**WORK REQUEST**
Would you please copy only the lines from the line that contains "407 E Walker St, Wrens, GA 30833" to the end of the data below, exactly, leaving every picture out?

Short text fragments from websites
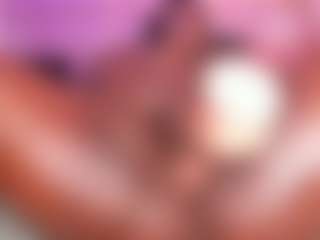 MiaaXXX's Live Sex Cam Show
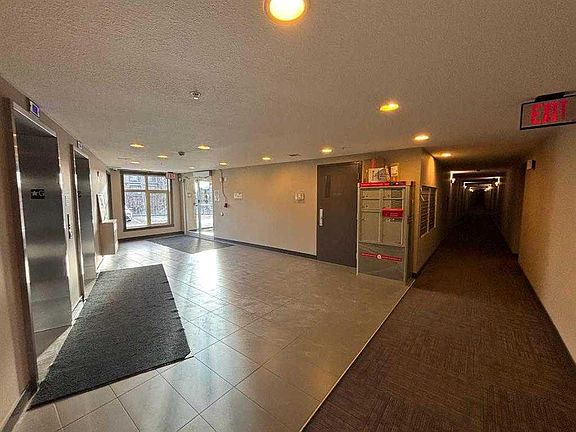 4th image of 15 E Aspenmont Hts SW #214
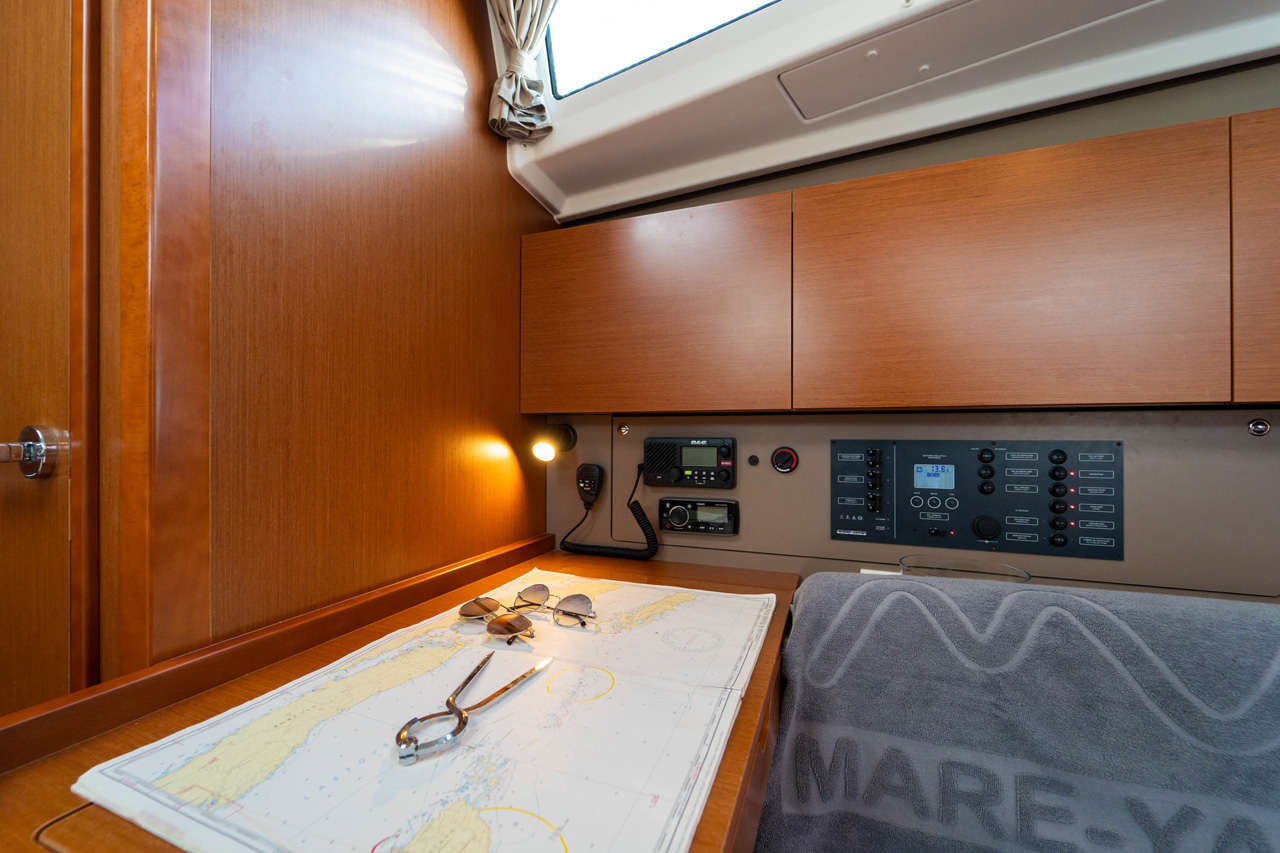 Oceanis 38 - 3 cab. — photo 15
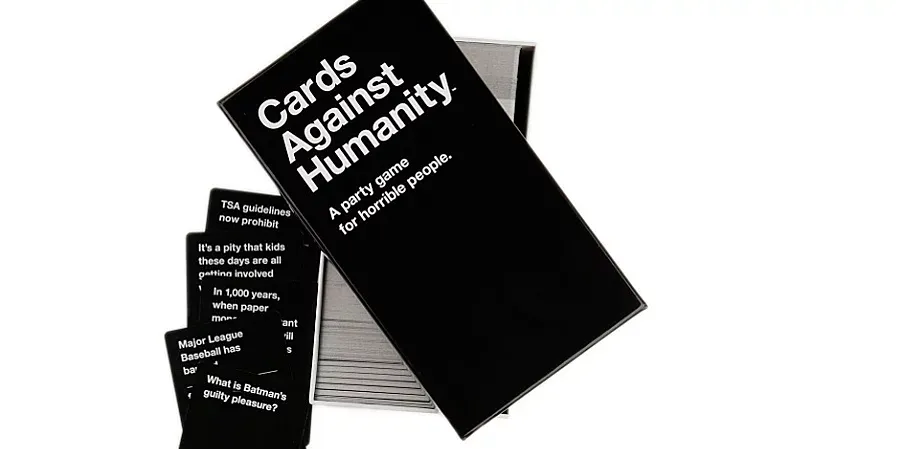 Cards Against Humanity: How To Play?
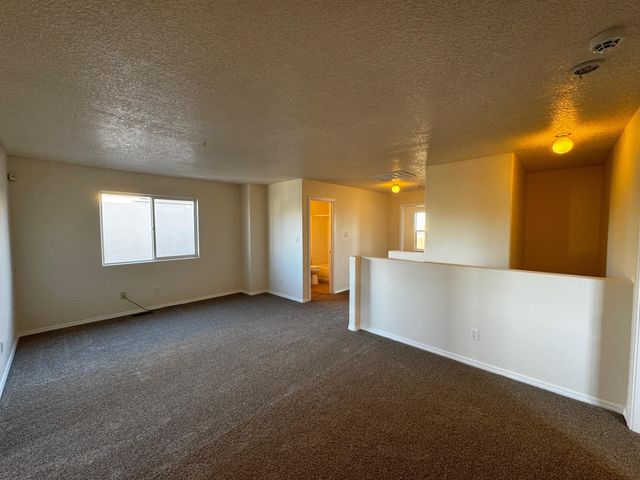 8300 Bluffs Edge Place NW, Albuquerque, NM 87120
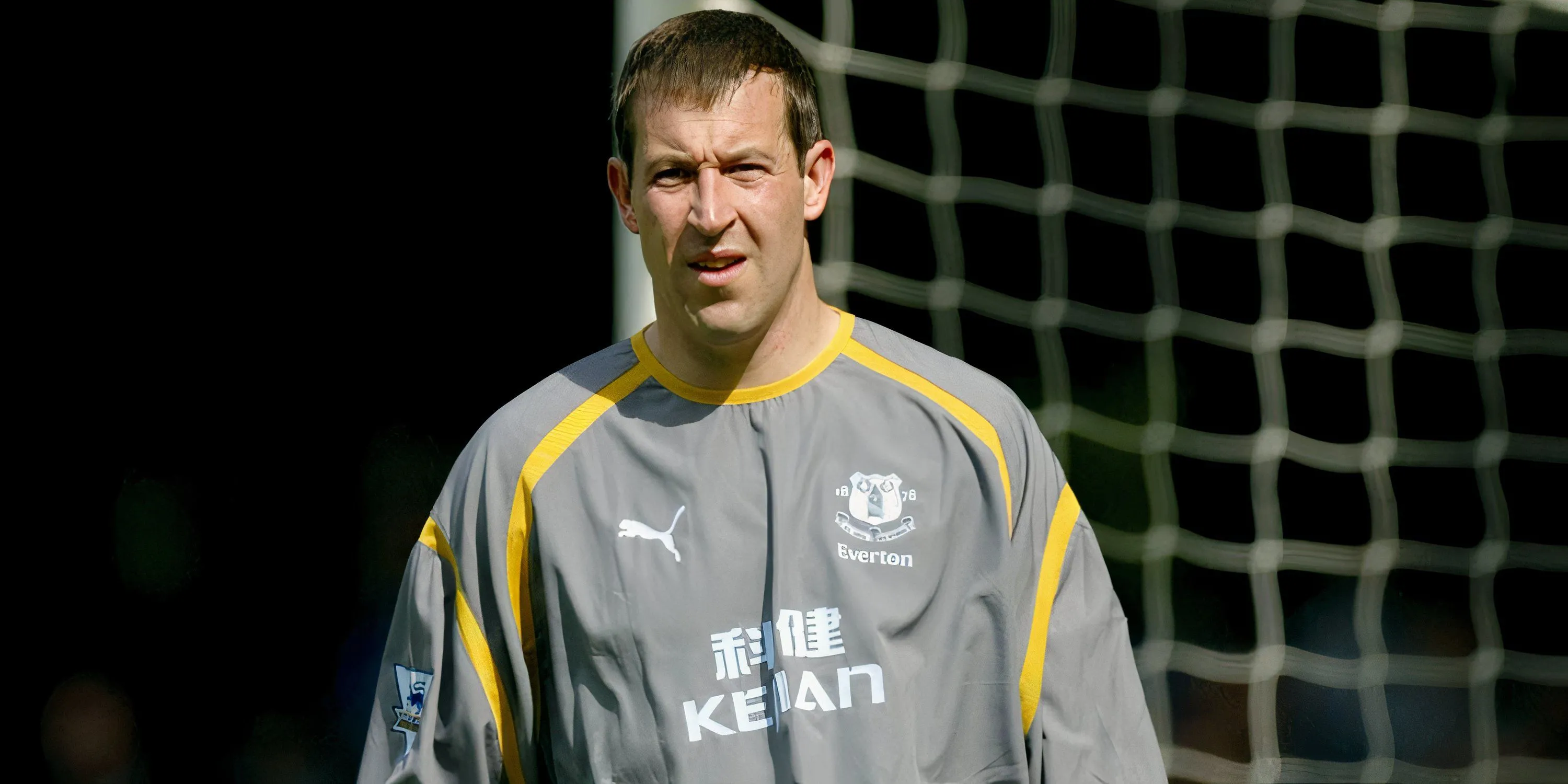 Thủ thành Nigel Martyn của Everton và Leeds United, một người gác đền bị đánh giá thấp.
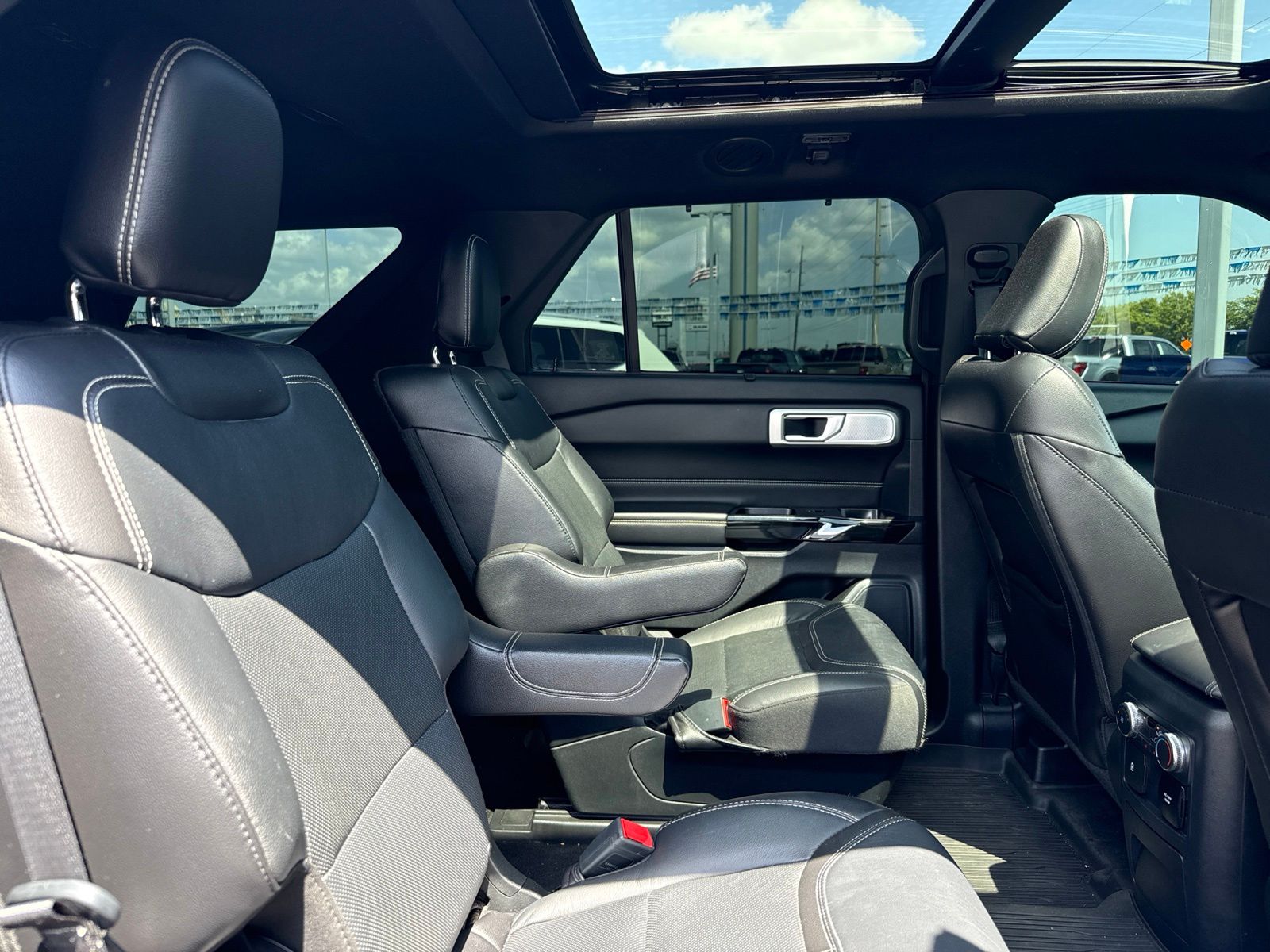 2022 Ford Explorer image 8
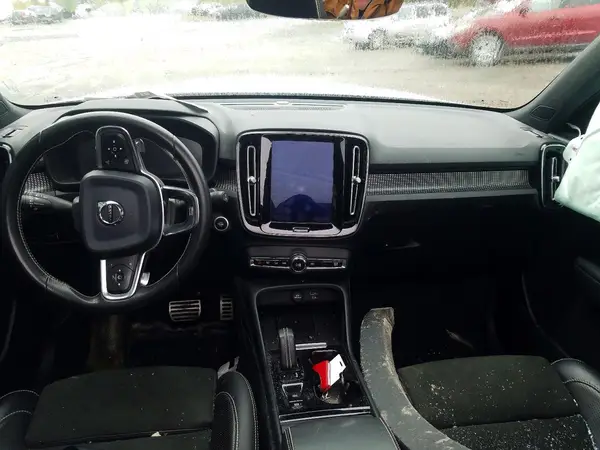 YV4162UM3L2316669 2020 VOLVO XC40 - Image 8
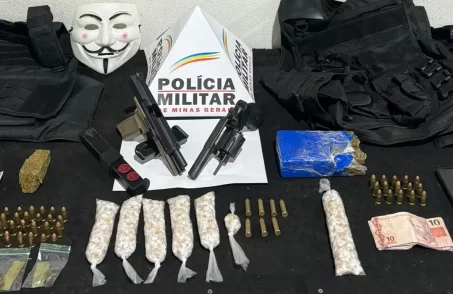 Operação Policial resulta em apreensão de jovens com drogas e armas em Divinópolis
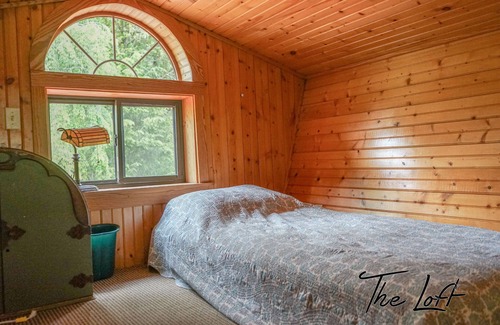 Asheville Cabin | Amazing Mountain Lodge Retreat on 63 Acres - 20 minutes from Asheville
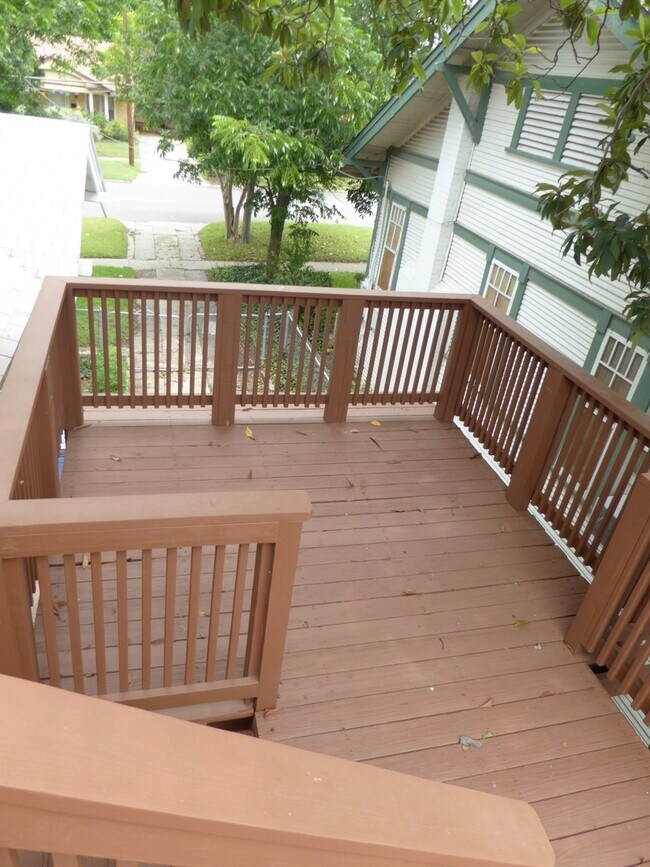 Building Photo - Studio loft in Alta Vista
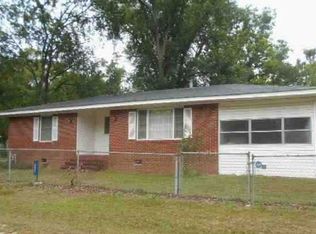 407 E Walker St, Wrens, GA 30833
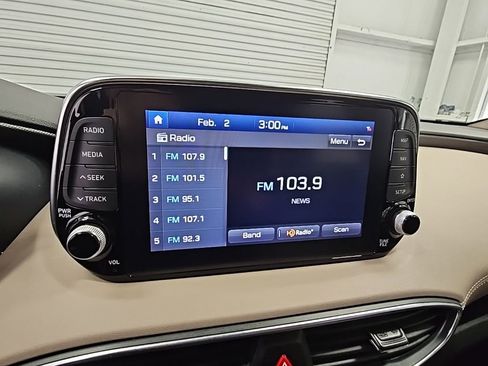 Used 2020 Hyundai Santa Fe Limited image 15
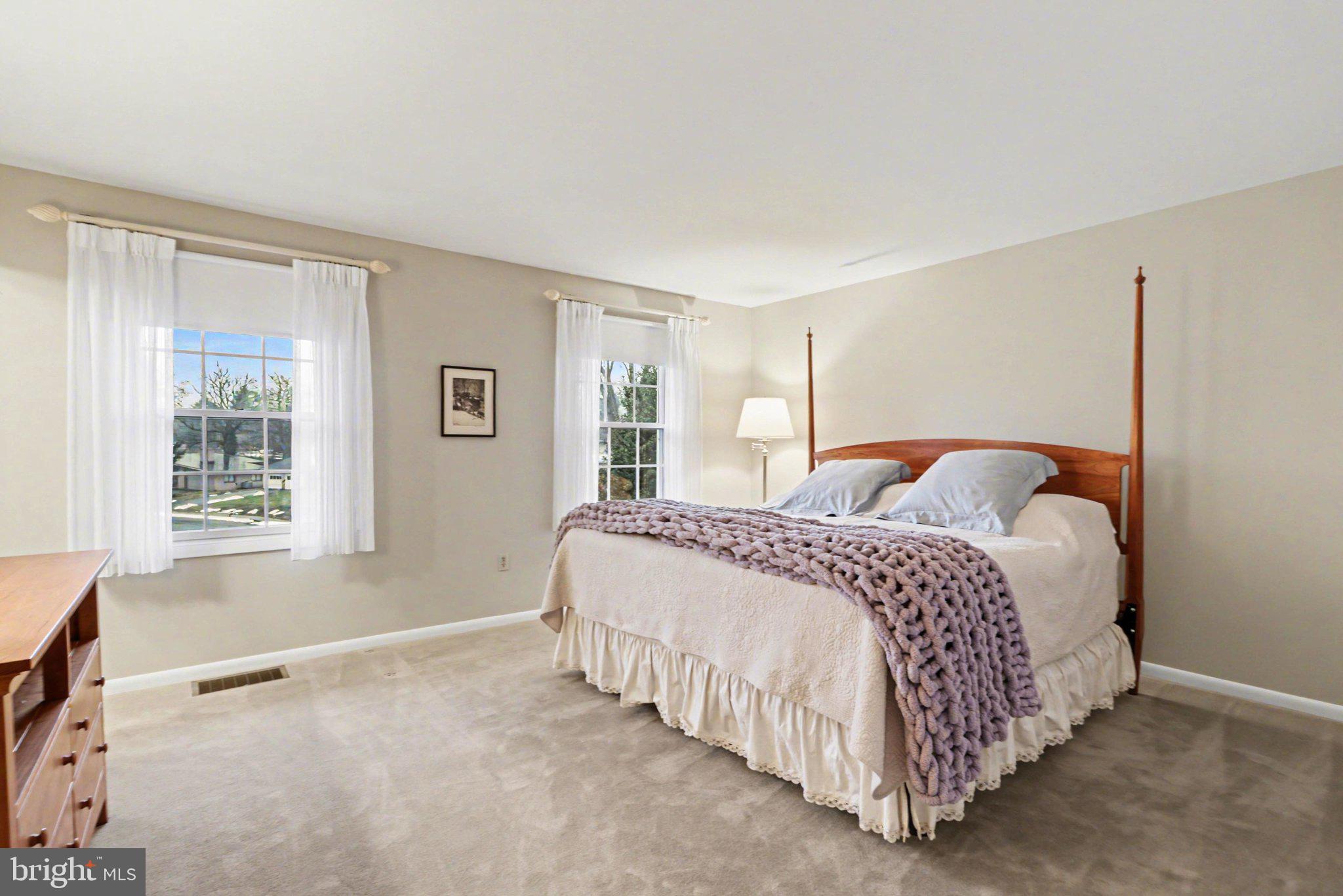 HEATHERLANDS - Residential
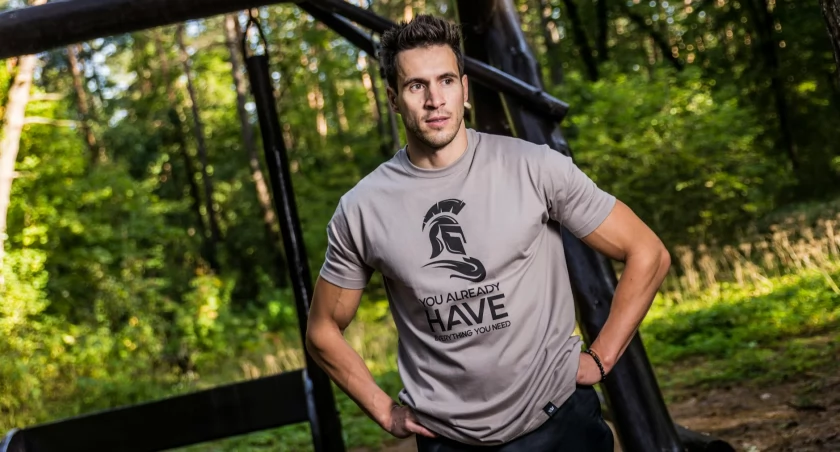 T-shirty sportowe, czyli moda i funkcjonalność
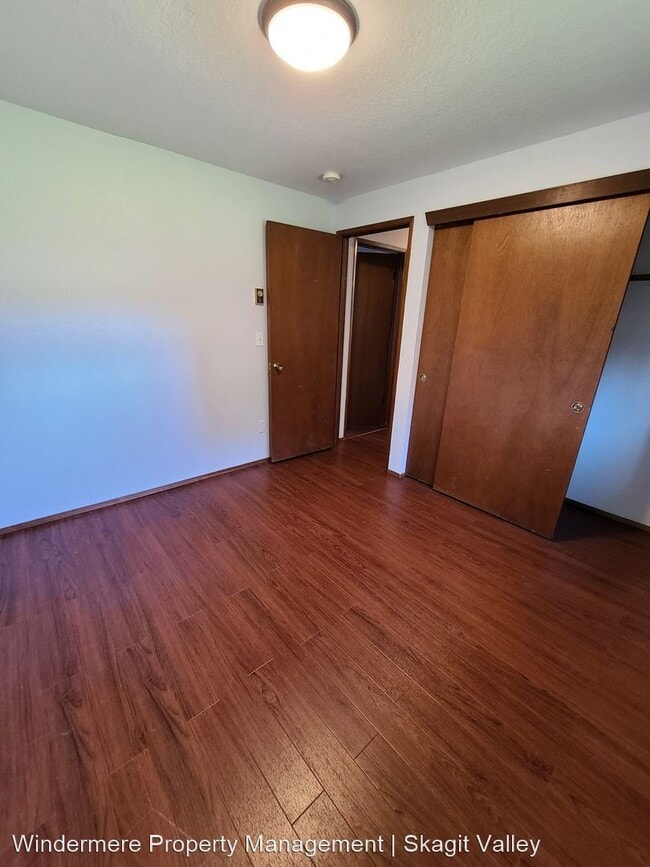 Building Photo - 2 br, 1 bath House - 1305 Heather Lane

**EXERCISE RESULT**
 407 E Walker St, Wrens, GA 30833
 Used 2020 Hyundai Santa Fe Limited image 15
 HEATHERLANDS - Residential
 T-shirty sportowe, czyli moda i funkcjonalność
 Building Photo - 2 br, 1 bath House - 1305 Heather Lane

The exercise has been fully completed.